1/2 pound whole oats
1/4 pound chopped walnuts
1/4 pound sunflower seeds
1/4 pound pumpkin seeds
2 t. Chinese 5 Spice Powder
1/3 C grapeseed oil
1/2 C grade B maple syrup
1/4 pound dried cranberries

Preheat oven to 350
In large bowl, combine all dry ingredients except cranberries. In a liquid measuring cup, combine liquids and pour into bowl, stirring to combine all ingredients. Spread mixture on a baking sheet and bake for about 10 minutes. Stir and return to oven for another 7-10 minutes or until crispy, but be careful not to burn.

Let cool, add dried cranberries and store in an airtight container for up to 3 weeks.

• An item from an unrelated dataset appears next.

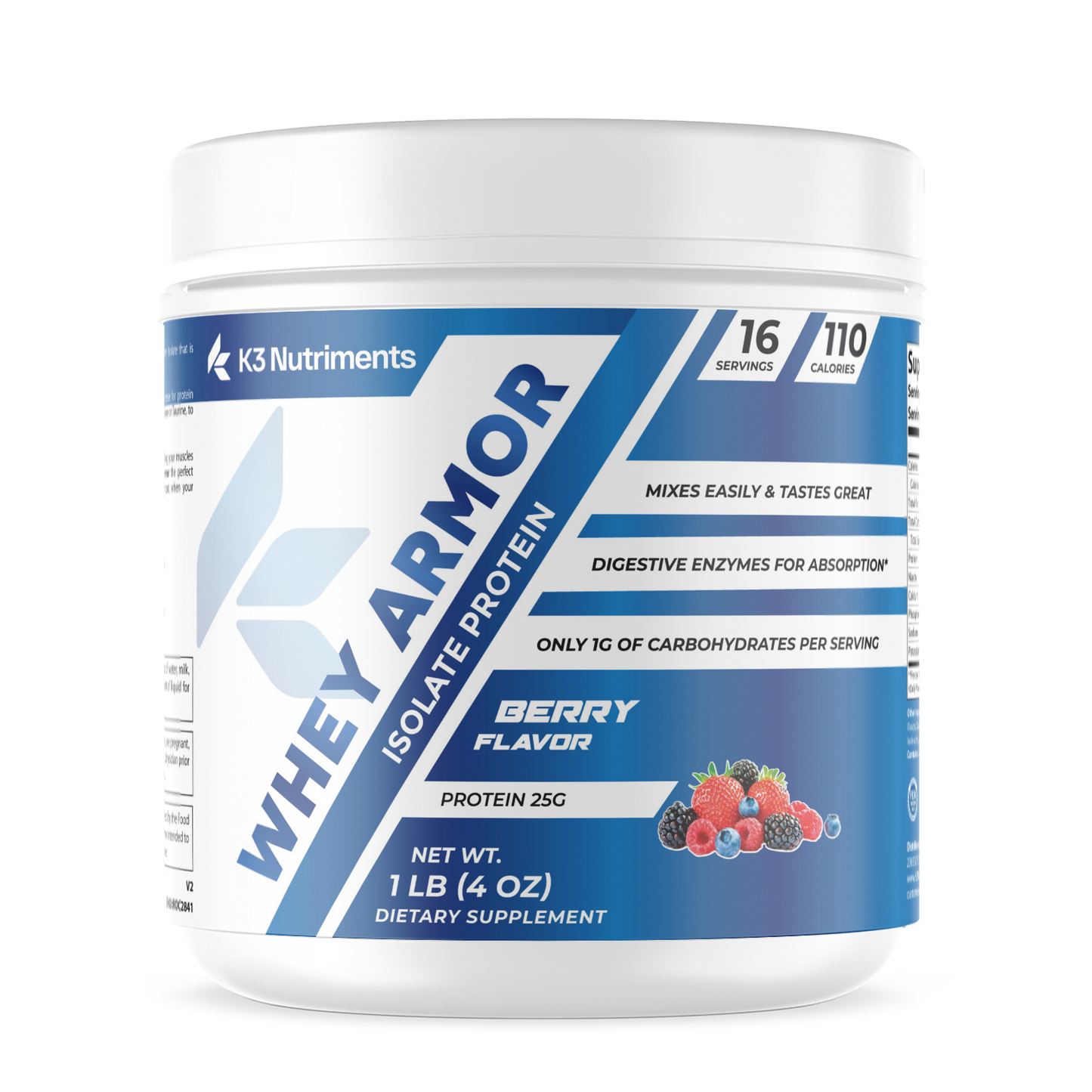 1lb Whey Armor Isolate Protein Berry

Sunday, September 13, 2009

Roasted Ratatouille




This is a super easy recipe for your end of summer vegetable bounty. Because many of the vegetables here fall into the nightshade category of vegetables which are thought to increase inflamation and acid reflux in some people. Traditionally cuisines heavy in nightshades such as those in Italy and India serve them with dairy which seems to balance these issues. Anyway, I love to eat ratatouille as a side dish to any meal or instead of potatoes with my eggs. It's equally delicious room temperature as it is warm, so it's a perfect picnic dish.

Roasted Ratatouille


About 4 servings

1 medium eggplant medium dice
5 plum tomatoes medium dice
1 zucchini medium dice
1 yellow squash medium dice
1 large or 2 small red peppers, medium dice
1 large or 2 small onions, cut in whole or half slices
4 cloves garlic, rough chop
2 t. salt
1/3 C. olive oil
cracked black pepper to taste

Preheat oven to 450
In a bowl, toss all vegetables with salt, oil and pepper. Spread evenly on a baking sheet, and let roast for 15 minutes, stir vegetables, return to oven for another 15 minutes or until soft and well roasted.